GBP/USD Outlook: US dollar extends rally
Market update: It has been an overall risk-on day, with US indices rising and Nvidia hitting new record highs, before the latter eased off its best levels to turn lower, following its earnings release. Gold and oil rose further as geopolitical tensions remained in the spotlight, while Bitcoin hit fresh records as it closed in on $100K, boosted by optimism that Trump’s election victory will mean crypto-friendly policies. In the FX space, the yen was also bid, supported by some hawkish remarks from the BoJ governor, implying a rate hike was not off the table in December. Elsewhere, the EUR/USD broke below the 1.05 handle amid hawkish repricing of US rates and ongoing concerns over Eurozone economy, while the GBP/USD slipped near the 1.26 level, potentially on the verge of breaking further lower. The GBP/USD outlook thus remains bearish.
US dollar extends advance
US rates have continued to price in lower rate cuts, and the market is no longer fully expecting a cut in December. According to the CME FedWatch tool, traders are 60% sure a cut is on the way in December, before the Fed pauses until at least March, when the odds of another 25 bps cut has shrunk to less than 50% now. Those odds were boosted by the release of stronger jobs claims data today.

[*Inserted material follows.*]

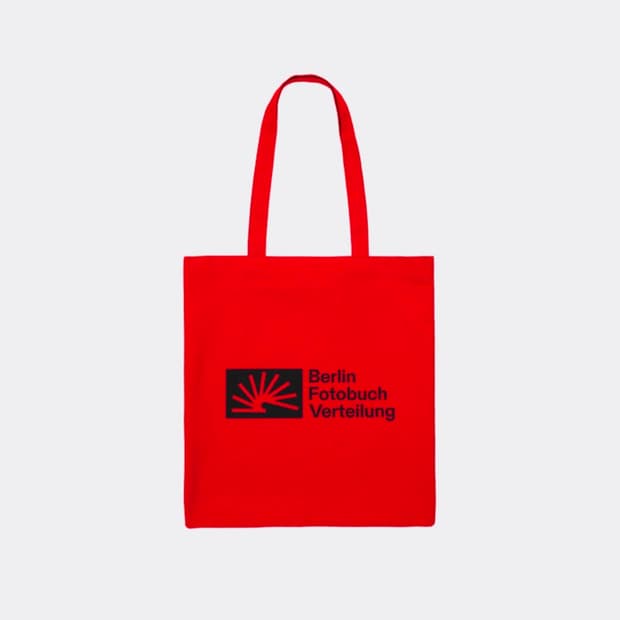 베를린포토북디스트리뷰션 002 BAG 레드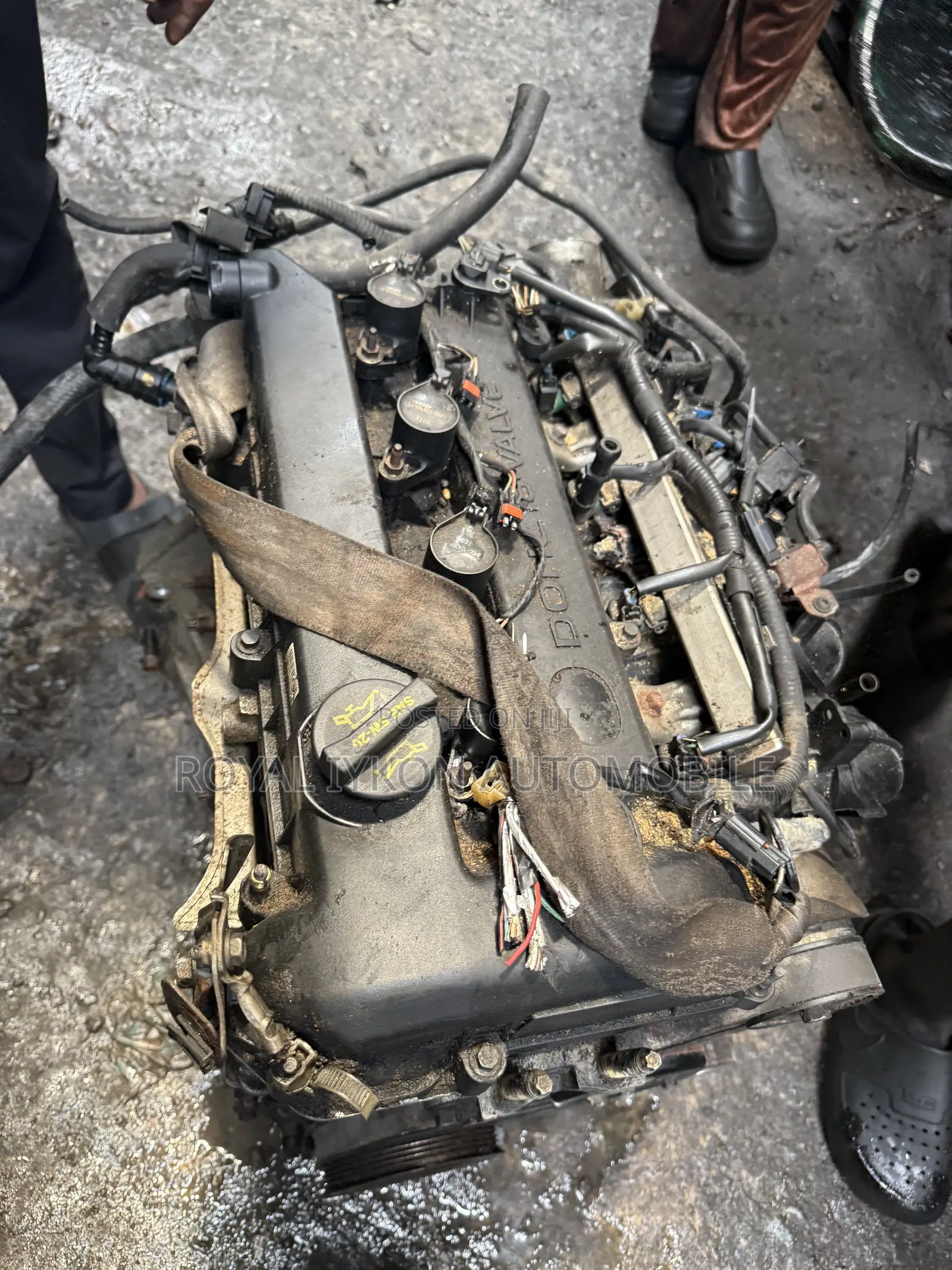 Complete Engine Mazda 5 2.3L 2008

Against this backdrop, the US dollar has maintained its strength heading into the European close, despite a brief wobble in stock markets after the Wall Street open. The escalation in the Russia-Ukraine conflict has had a limited impact on FX markets, but the fact that the euro is weakening is perhaps a reflection of those risks.
GBP/USD: Pound remains on the back foot
Meanwhile, from the UK side of things, we haven’t had much in the way of fresh data, although the fact that public sector net borrowing surged to 17.4 billion from 16.1 billion, disappointed expectations for a smaller deficit last month. The GBP/USD outlook therefor remains bearish, and we would expect it to move below 1.26 handle.

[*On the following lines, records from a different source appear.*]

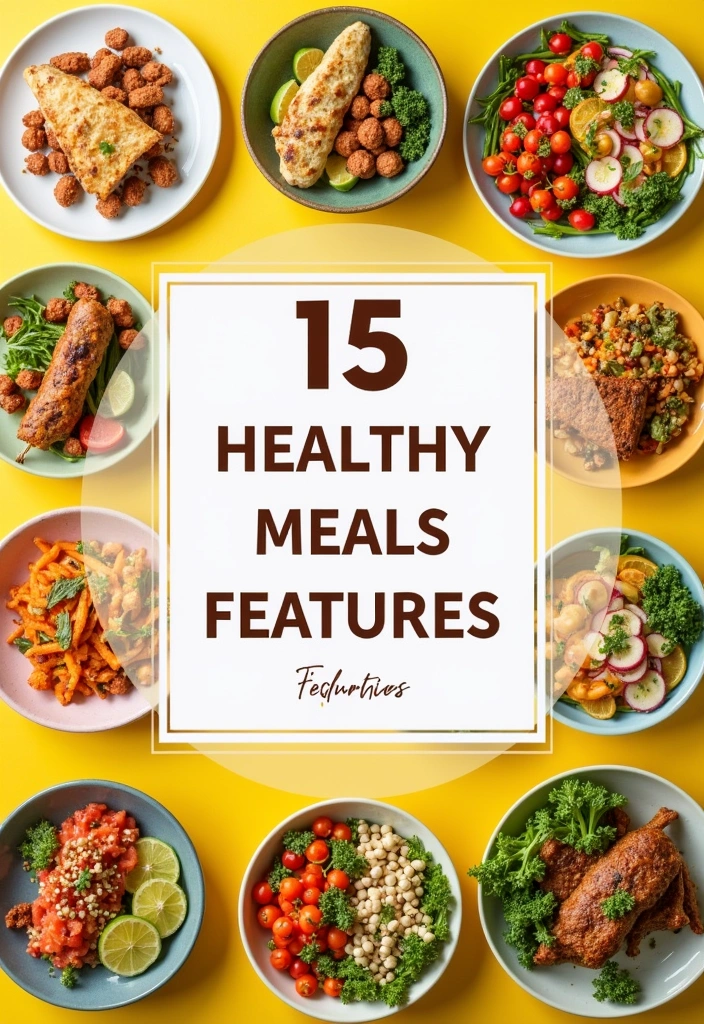 15 Healthy Meals You'll Crave (Even Picky Eaters Will Love #7!) - Conclusion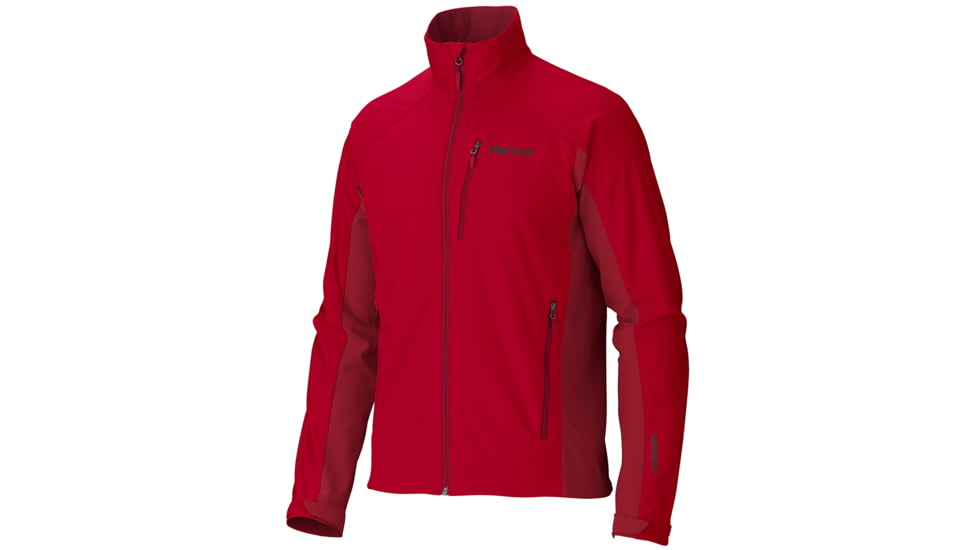 Marmot Leadville Jacket - Mens-Medium-Team Red/Dark Crimson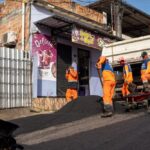 Prefeitura de Manaus intensifica operação Tapa-Buracos na zona Oeste e recupera via no Compensa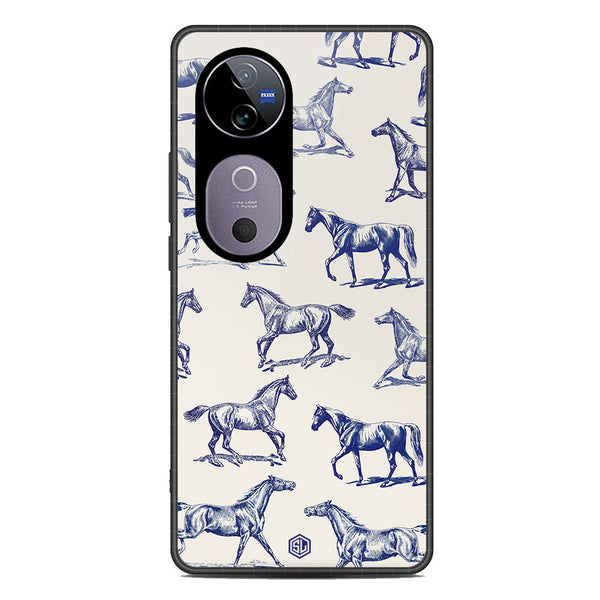 Trending Designs Series Soft Phone Case - Metal Case - Design 3 - Vivo S19 Pro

Yesterday, UK's higher-than-expected inflation data likely ruled out a December rate cut by the Bank of England, but the GBP/USD fell anyway. It is always the market’s response to news that is more important than the news itself. And this couldn’t be truer for the cable.

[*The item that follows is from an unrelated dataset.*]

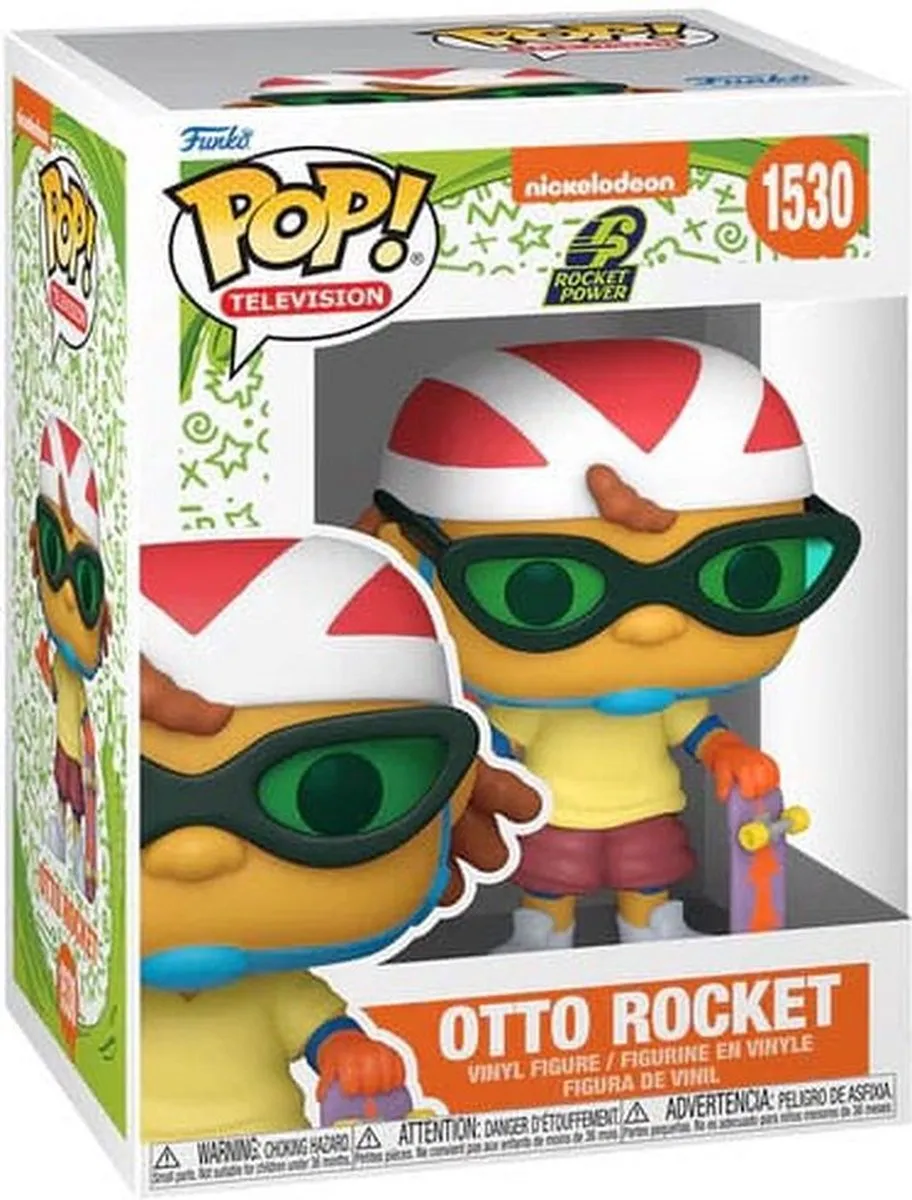 Funko Pop Otto Rocket - 9,5 cm - Multi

The pound drew attention yesterday as UK CPI data exceeded expectations for October, rising to 2.3% from 1.7%, surpassing forecasts of +2.2% y/y. Core CPI was even hotter at 3.3%. However, traders quickly sold the initial GBP/USD rally, acknowledging that the Bank of England remains primarily focused on services inflation, where a modest rise to 5.0% y/y aligns with their forecasts.
After the latest CPI data, it seems unlikely that the BoE will take further action in December. However, additional easing could occur in early 2025, potentially in February, as economic conditions may warrant looser policy.
Thus, the GBP/USD outlook remains bearish, with modest selling pressure expected until the dollar tops out.
Technical GBP/USD outlook: key levels to watch
Source: TradingView.com
From a technical standpoint, the GBP/USD outlook remains unambiguously bearish. Resistance between 1.2665 and 1.2731 has been tested and held firm this week. A breakout above this range is required to tilt the balance in favour of the bulls, but we have seen the opposite.
Support has been evident around the 1.2580 to 1.2600 zone, where a trend line dating back to October 2023 intersects. However, given the nature of price action in recent days, a break below here appears increasingly likely. A breach of this trend line could pave the way for a decline to the $1.25 level.
Meanwhile, the RSI nearing oversold levels of 30.0 warrants attention. While this does not guarantee a rebound, it increases the likelihood of one occurring soon. But a reversal stick must be seen first before we start talking bullishly about the GBP/USD outlook.